Problem: From the first line to the last, restate every record word for word, leaving out the pictures.

───── Data records ─────

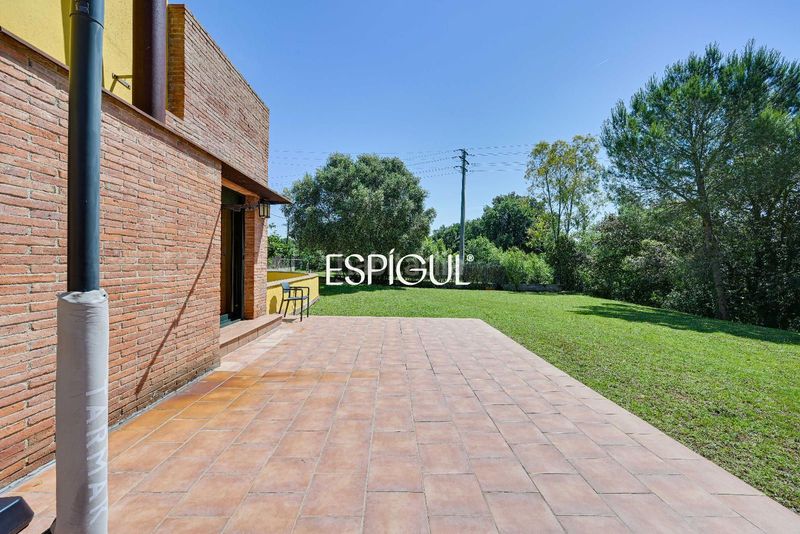 Foto f6ff8cbe-03a5-4a6a-a33f-1ccaeaa932f7. Casa amb calefacció aparcament a Palau Girona
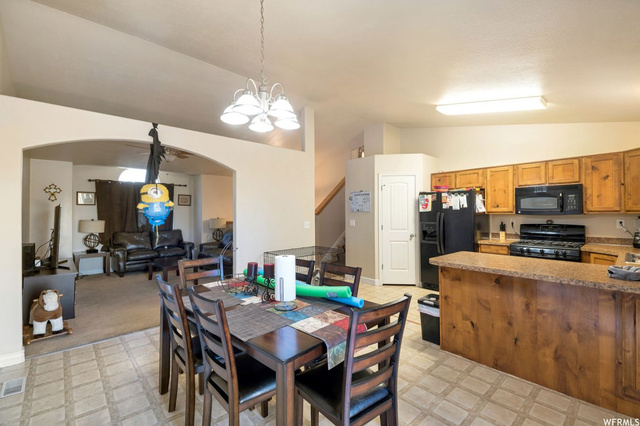 2113 N 550 W, Clinton, UT 84015 — photo 7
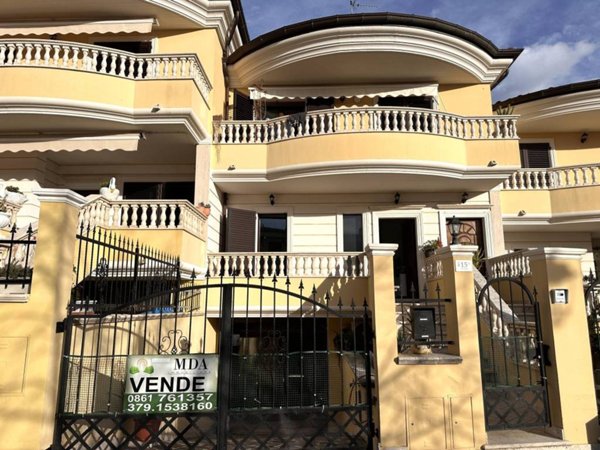 appartamento in vendita a Nereto in zona Parignano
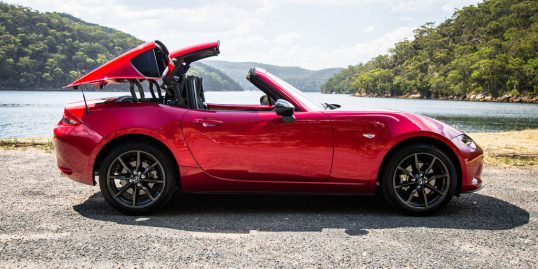 2017-mazda-mx-5-rf-v-2017-subaru-brz-51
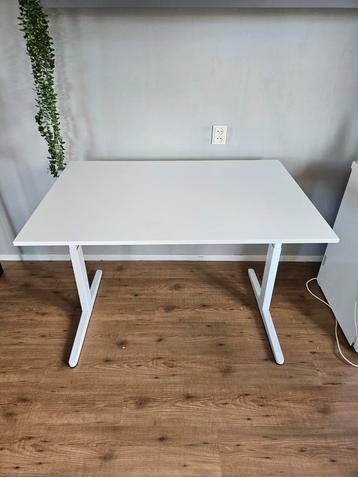 In hoogte verstelbaar zitbureau Ahrend 120x80 cm wit beschikbaar voor biedingen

─────

Result below:
 Foto f6ff8cbe-03a5-4a6a-a33f-1ccaeaa932f7. Casa amb calefacció aparcament a Palau Girona
 2113 N 550 W, Clinton, UT 84015 — photo 7
 appartamento in vendita a Nereto in zona Parignano
 2017-mazda-mx-5-rf-v-2017-subaru-brz-51
 In hoogte verstelbaar zitbureau Ahrend 120x80 cm wit beschikbaar voor biedingen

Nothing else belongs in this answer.